Chris Angelico rosuav at gmail.com
Tue Apr 11 13:26:24 EDT 2017


On Wed, Apr 12, 2017 at 2:23 AM, Lew Pitcher
<lew.pitcher at digitalfreehold.ca> wrote:
> Chris Angelico wrote:
>
>> On Wed, Apr 12, 2017 at 1:24 AM, Lew Pitcher
>> <lew.pitcher at digitalfreehold.ca> wrote:
>>>
>>> What in "Try changing your target encoding to something other than ASCII"
>>> is encouragement to use "old legacy encodings"?
>>>
>>>> In 2017, unless you are reading from old legacy files created using a
>>>> non-Unicode encoding, you should just use UTF-8.
>>>
>>> Thanks for your opinion. My opinion differs.
>>
>> So what encoding *do* you recommend, and why is it better than UTF-8?
>
> I recommend whatever encoding is appropriate for the output. That's not up
> to you or me to decide; that's a question that only the OP can answer.
>
> (Imagine, python on an IBM Zseries running ZOS; the "native" characterset is
> one of the EBCDIC variants. Would UTF-8 be a better choice there? )

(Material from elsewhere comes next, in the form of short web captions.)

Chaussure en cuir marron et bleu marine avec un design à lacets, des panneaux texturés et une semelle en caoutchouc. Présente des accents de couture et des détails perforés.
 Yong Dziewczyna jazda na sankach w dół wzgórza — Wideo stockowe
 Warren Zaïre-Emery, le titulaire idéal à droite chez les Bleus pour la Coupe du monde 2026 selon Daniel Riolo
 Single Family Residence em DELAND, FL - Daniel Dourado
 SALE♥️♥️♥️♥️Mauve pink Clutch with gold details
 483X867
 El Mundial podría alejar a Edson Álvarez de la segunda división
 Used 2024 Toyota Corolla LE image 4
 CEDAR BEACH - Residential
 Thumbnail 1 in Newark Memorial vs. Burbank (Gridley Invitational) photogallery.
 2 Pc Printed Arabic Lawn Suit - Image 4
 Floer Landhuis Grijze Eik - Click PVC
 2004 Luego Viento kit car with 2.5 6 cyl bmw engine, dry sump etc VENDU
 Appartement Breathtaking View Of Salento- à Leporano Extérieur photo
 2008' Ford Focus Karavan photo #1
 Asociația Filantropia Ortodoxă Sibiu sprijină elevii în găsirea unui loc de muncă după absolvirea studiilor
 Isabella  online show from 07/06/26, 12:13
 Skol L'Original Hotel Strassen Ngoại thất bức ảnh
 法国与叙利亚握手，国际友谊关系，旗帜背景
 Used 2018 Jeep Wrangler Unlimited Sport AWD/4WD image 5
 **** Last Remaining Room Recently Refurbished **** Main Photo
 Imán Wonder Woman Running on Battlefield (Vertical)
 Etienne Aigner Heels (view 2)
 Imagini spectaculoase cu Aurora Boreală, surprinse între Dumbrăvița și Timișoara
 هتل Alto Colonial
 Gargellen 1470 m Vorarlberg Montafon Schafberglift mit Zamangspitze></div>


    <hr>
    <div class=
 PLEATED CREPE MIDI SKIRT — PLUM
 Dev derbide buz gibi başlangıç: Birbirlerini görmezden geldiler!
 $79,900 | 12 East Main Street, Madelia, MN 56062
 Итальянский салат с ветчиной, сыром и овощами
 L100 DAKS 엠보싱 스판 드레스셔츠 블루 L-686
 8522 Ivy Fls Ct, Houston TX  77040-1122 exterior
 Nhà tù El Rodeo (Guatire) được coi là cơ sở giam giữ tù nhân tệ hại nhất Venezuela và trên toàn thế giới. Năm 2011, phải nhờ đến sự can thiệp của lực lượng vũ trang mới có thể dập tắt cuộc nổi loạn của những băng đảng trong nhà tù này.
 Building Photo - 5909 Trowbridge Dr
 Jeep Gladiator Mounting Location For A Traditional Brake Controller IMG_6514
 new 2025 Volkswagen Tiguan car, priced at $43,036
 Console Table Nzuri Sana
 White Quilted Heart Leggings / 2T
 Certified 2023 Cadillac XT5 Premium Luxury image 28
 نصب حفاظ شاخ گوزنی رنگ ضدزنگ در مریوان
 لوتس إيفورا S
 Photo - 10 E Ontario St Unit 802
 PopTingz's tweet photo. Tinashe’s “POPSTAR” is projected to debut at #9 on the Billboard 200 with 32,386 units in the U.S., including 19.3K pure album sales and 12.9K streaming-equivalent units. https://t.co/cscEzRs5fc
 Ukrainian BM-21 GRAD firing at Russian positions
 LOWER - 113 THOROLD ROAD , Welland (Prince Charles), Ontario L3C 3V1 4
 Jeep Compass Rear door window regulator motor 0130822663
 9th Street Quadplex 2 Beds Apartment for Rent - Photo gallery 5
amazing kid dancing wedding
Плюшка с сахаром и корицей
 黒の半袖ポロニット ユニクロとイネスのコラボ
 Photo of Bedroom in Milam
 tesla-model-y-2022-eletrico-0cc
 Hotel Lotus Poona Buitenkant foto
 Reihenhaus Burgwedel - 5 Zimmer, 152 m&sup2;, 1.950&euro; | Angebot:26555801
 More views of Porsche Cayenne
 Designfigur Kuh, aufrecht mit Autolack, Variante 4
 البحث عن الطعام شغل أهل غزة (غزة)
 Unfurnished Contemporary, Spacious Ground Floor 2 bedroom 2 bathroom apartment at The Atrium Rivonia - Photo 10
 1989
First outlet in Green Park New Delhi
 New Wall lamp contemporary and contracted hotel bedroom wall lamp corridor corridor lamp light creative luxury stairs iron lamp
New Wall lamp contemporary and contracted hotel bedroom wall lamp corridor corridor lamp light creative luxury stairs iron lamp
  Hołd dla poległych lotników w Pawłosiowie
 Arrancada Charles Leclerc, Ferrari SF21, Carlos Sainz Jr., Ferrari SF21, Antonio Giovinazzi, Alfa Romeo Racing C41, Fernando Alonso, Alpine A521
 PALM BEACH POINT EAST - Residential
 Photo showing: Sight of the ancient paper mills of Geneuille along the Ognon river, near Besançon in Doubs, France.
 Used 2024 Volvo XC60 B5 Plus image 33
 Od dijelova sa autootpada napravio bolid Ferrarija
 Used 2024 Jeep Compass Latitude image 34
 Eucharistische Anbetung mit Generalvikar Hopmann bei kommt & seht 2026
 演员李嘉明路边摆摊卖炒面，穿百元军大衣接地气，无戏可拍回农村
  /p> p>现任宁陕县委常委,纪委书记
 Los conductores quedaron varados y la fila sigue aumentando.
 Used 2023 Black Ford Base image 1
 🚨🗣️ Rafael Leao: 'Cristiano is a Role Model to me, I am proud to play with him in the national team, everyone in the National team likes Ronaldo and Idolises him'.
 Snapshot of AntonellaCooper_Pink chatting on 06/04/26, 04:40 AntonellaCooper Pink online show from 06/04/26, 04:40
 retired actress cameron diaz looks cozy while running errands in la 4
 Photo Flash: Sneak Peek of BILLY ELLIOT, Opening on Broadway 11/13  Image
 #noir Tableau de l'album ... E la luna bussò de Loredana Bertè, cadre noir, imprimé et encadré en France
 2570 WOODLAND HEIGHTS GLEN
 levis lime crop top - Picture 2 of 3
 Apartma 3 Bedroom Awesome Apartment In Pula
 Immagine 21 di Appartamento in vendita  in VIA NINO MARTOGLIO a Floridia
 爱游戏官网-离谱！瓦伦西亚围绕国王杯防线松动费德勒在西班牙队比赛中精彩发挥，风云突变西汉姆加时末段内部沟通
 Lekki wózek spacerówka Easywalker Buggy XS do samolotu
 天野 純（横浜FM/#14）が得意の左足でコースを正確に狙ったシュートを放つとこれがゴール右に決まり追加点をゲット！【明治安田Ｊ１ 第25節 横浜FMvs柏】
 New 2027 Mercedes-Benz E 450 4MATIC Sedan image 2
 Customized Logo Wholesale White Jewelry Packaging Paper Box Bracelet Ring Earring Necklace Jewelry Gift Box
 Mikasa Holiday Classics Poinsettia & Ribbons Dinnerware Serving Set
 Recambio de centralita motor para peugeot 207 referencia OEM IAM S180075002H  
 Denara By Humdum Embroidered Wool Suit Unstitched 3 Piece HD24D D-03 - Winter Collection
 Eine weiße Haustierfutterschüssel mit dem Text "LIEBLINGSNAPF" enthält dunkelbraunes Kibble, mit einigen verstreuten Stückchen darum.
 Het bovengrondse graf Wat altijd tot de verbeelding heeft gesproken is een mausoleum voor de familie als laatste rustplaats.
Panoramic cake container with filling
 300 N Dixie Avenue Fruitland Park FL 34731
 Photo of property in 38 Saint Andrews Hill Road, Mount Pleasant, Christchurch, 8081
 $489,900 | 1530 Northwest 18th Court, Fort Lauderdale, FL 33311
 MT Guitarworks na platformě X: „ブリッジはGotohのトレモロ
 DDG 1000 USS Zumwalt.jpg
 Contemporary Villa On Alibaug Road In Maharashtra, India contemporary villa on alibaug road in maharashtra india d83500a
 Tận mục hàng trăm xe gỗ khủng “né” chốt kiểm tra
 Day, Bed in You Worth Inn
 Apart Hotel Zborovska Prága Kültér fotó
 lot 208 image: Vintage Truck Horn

So if the OP needed to print out a number, would you take a similarly
spineless approach and say that only the OP can decide what numeric
base to use? Does every fledgeling programmer need to understand about
archaic systems where you needed to use BCD for your numbers? EBCDIC
derives from BCD, where a single decimal digit was encoded in four
bits... and I'm sure you could name systems even less popular, used on
important systems back in the 1960s or so. Does a modern Python
programmer need to look through all of those possible ways to
represent numbers? NO. Today's programmer should need to know about
very few ways to represent numbers, in priority order:

1) Decimal digits represented in ASCII
2) Packed binary, network byte order
3) Packed binary, little-endian.

A new programmer shouldn't need to worry about anything other than
decimal digits, in fact. Of course other systems do exist, like the
MIDI "variable length integer" that packs seven bits into a byte and
then uses the high bit as a continuation marker; or IEEE 80-bit
floating point, or a multi-limb format like GMP uses, but until you
actually need to work with it, you don't need to know about it.

Just use the one most obvious encoding. UTF-8 for all text.